A computer program can be applied to input data to perform the functions described in the present embodiment to convert the input data to generate output data that is stored to a non-volatile memory. The output information may also be applied to one or more output devices, such as a display. In a preferred embodiment of the invention, the transformed data represents physical and tangible objects, including particular visual depictions of physical and tangible objects produced on a display.

The above description is only a preferred embodiment of the present invention, and the present invention is not limited to the above embodiment, and any modifications, equivalent substitutions, improvements, etc. within the spirit and principle of the present invention should be included in the protection scope of the present invention as long as the technical effects of the present invention are achieved by the same means. The technical solution and/or the embodiments thereof may be variously modified and varied within the scope of the present invention.

Claims

1. A method for controlling a communication user terminal, the method comprising:

acquiring position information of a user terminal;

controlling the user terminal to be in a sleep state during the timing of the third timer.

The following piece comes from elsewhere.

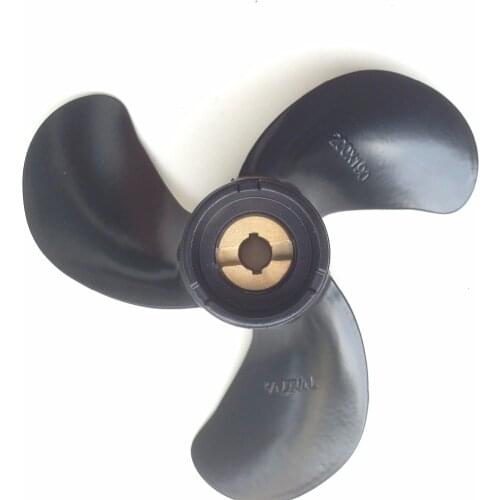 Free shipping 7 7/8x7 1/2 For honda 5hp propellers honda Aluminium Propeller marine outboard propellers cheap boat motors
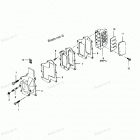 H0508F91A Reed Plate And Adapter Flange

2. The method of claim 1, wherein the generating a first timer, a second timer, and a third timer based on the location information of the ue and the location information of the first bs comprises:

configuring the first timer with the first timing value.

3. The method of claim 2, wherein said generating a first timing value based on said intersection region and said movement speed comprises:

determining the component magnitude of the motion speed in the bisection axis direction;

determining the first timing value according to the component size; the magnitude of said first timing value is inversely related to the absolute value of the magnitude of said component.

4. The method of claim 1, wherein the generating a first timer, a second timer, and a third timer based on the location information of the ue and the location information of the first bs comprises:

generating a second timing value with a fixed value;

configuring the second timer with the second timing value.

5. The method of claim 1, wherein the generating a first timer, a second timer, and a third timer based on the location information of the ue and the location information of the first bs comprises:

acquiring the position information of a second base station; the second base station is a base station which is predicted to be accessed after the user terminal is disconnected with the first base station;

generating a third timing value according to the movement time;

configuring the third timer with the third timing value.

6. The method of claim 1, wherein in said active state, said ue is maintained in communication with said first base station.

7. The method as claimed in claim 1, wherein in the dormant standby state, the ue maintains the communication connection with the first base station, monitors data transmission between the ue and the first base station, returns to restart the continuous timing from the first timer when the data transmission satisfies a preset condition, and continues the timing of the second timer when the data transmission does not satisfy the preset condition.

8. The method of claim 1, wherein in the dormant state, the communication connection between the ue and the first bs is disconnected, and the ue is stopped from sending a registration request.

9. A computer arrangement comprising a memory for storing at least one program and a processor for loading the at least one program to perform the method of any of claims 1 to 8.

10. A computer-readable storage medium in which a processor-executable program is stored, the processor-executable program being configured to perform the method of controlling a communication user terminal according to any one of claims 1 to 8 when executed by a processor.